▶ Provided data
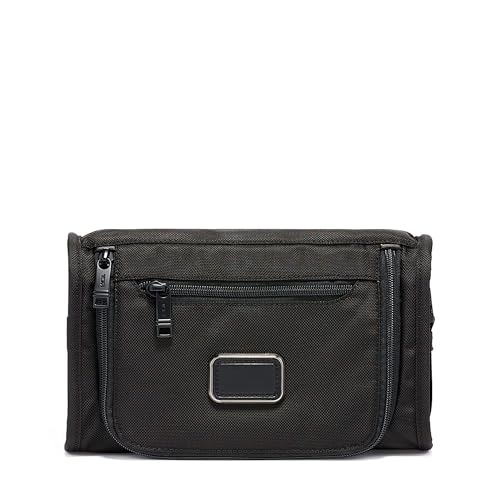tumi-alpha-travel-kit-ballistic-nylon-travel-toiletry-bag-with-tumi-tracer-black image 8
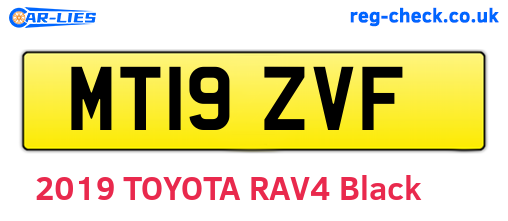 MT19ZVF are the vehicle registration plates.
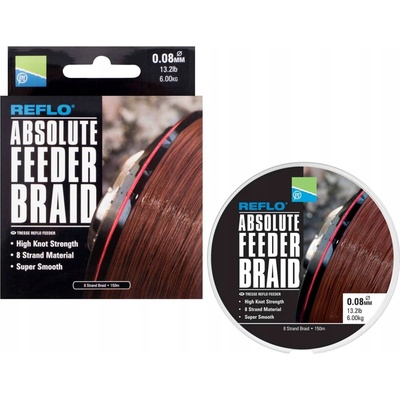 Preston šnúra Absolute Feeder Braid 150m 0,10mm 7,2kg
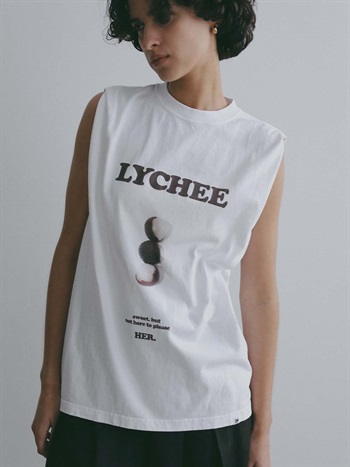 ＜5月28日（木） 再登場 ＞【ONLINE STORE限定】 LYCHEE TANK(01オフホワイト-フリー)
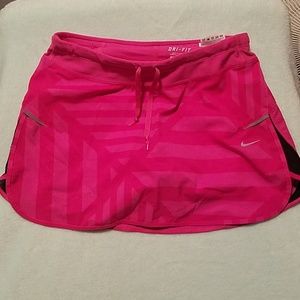 Pink Nike Dri-Fit Running Skirt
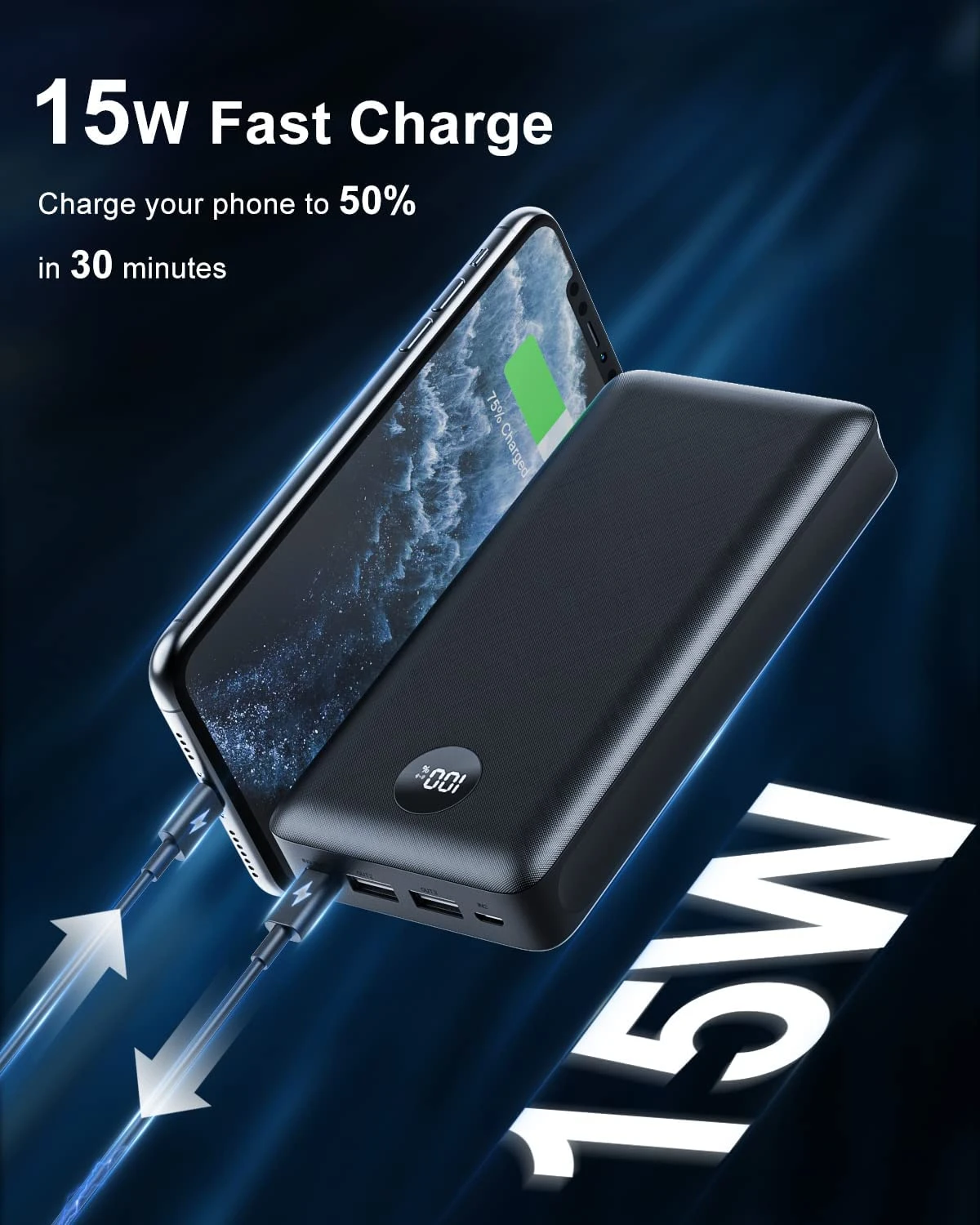 Batterie Portable 26800 MAh Conxwan 4 Batterie Portable 26800 MAh Conxwan – Image 2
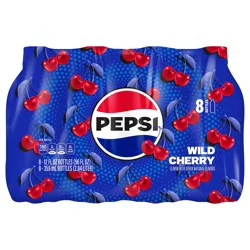 Pepsi Soda Wild Cherry 12 Fl Oz 8 Count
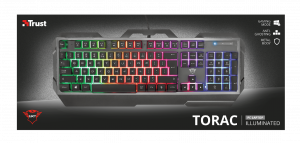 Trust GXT 856 Torac keyboard USB QWERTY UK English Black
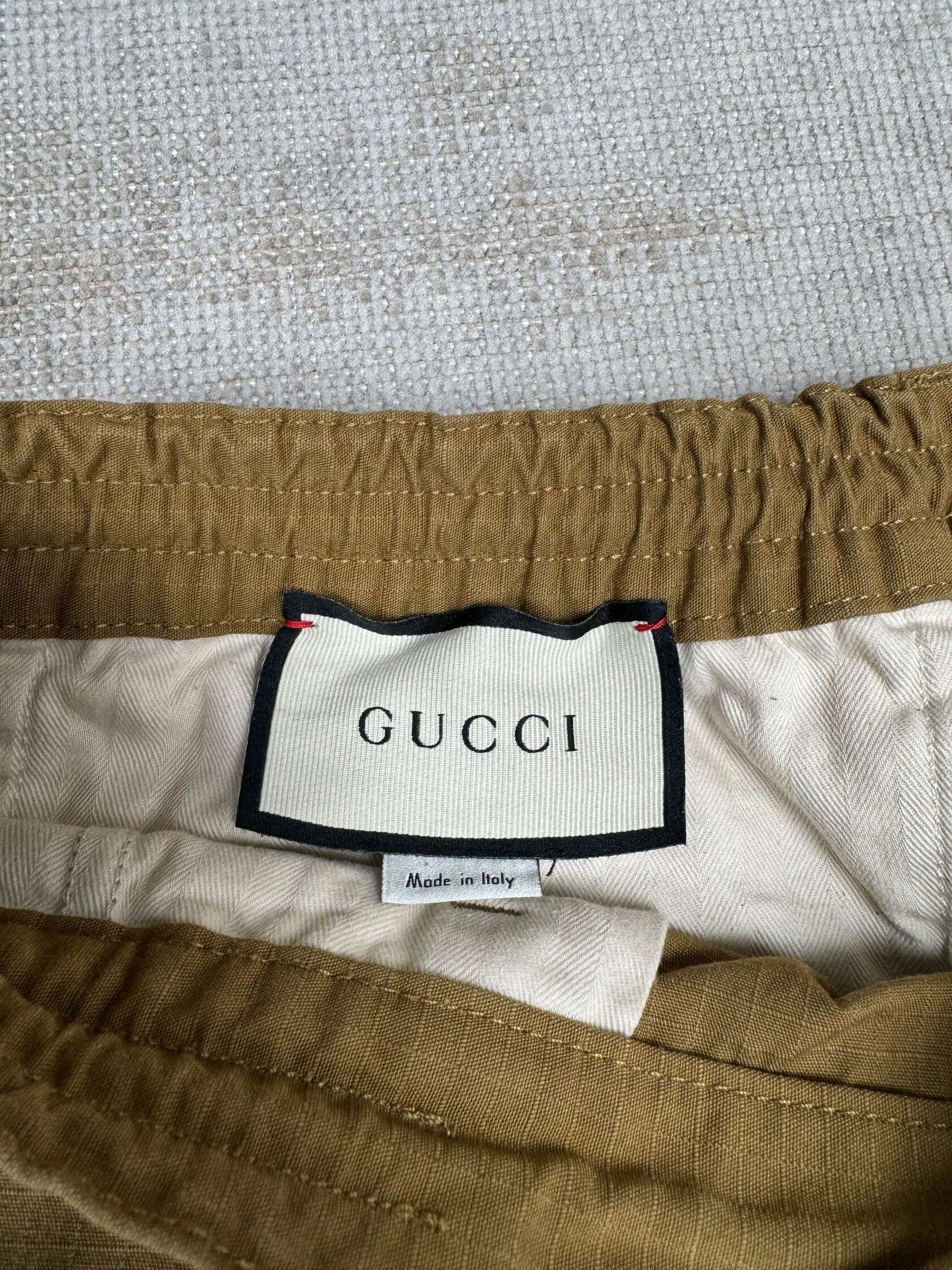 Gucci Stripe Logo Trousers - Neutral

▶ What you need to do
Look above for the line with "Preston šnúra Absolute" and the line with "Batterie Portable 26800 MAh Conxwan 4", then copy them and all lines in between exactly as written, and only those, without any pictures.

▶ Answer below
 Preston šnúra Absolute Feeder Braid 150m 0,10mm 7,2kg
 ＜5月28日（木） 再登場 ＞【ONLINE STORE限定】 LYCHEE TANK(01オフホワイト-フリー)
 Pink Nike Dri-Fit Running Skirt
 Batterie Portable 26800 MAh Conxwan 4 Batterie Portable 26800 MAh Conxwan – Image 2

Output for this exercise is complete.